When deciding whether cause has been shown, "the court must balance potential prejudice to the bankruptcy debtor's estate against the hardships that will be incurred by the person seeking relief from the automatic stay if relief is denied." In re Robbins, 964 F.2d at 345 (citing In re Peterson, 116 B.R. 247, 249 (D.Colo.1990)). Here, the Judge Mannes' ruling indicates that he concluded that the potential for hardship to Appellee's other creditors outweighed any potential prejudice to Appellant.

The bankruptcy court concluded that the rights of other creditors would be seriously harmed if Appellant were allowed to foreclose on the Truck at this time. See Tr. at 12 ("if the Court relieves the stay the Chapter 13 is gone and other creditors are going to be hurt too."). This finding of fact was not clear error. Ram's Trucking's "fleet" consists of two dump trucks and a pickup truck. If the court were to lift the stay, Appellant would foreclose on the Truck, with obviously likely dire consequences for Appellee's business, and therefore for his ability to meet his obligations under the confirmed bankruptcy plan.

Against this likelihood, the court was to balance "the hardships that will be incurred by Appellant if relief is denied." In re Robbins, 964 F.2d at 345. Appellant, however, did not then and has not since asserted any significant hardship.

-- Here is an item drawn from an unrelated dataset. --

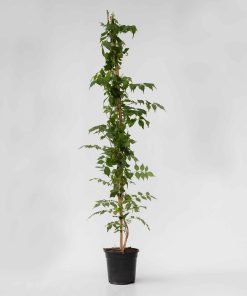 Plant in a Box - Trompetenkletterer - Campsis taglibuana 'Mme Galen' - Höhe 110-120cm - Topf 17cm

Appellant's loan is secured by a first priority, perfected lien in the Truck. At best, Appellant will be repaid through Appellee's bankruptcy plan payments; at worst, Appellant will have to wait before recovering the Truck. If necessary, Appellant can pursue a separate claim against Mrs. Ramkaran. In sum, it is not unreasonable to surmise that this hardship is not as great as that imposed on Ram's Trucking by the loss of one of its two dump trucks. Therefore the bankruptcy court did not abuse its discretion in concluding that the balance of hardships favored denying Appellant's motion for relief from the stay.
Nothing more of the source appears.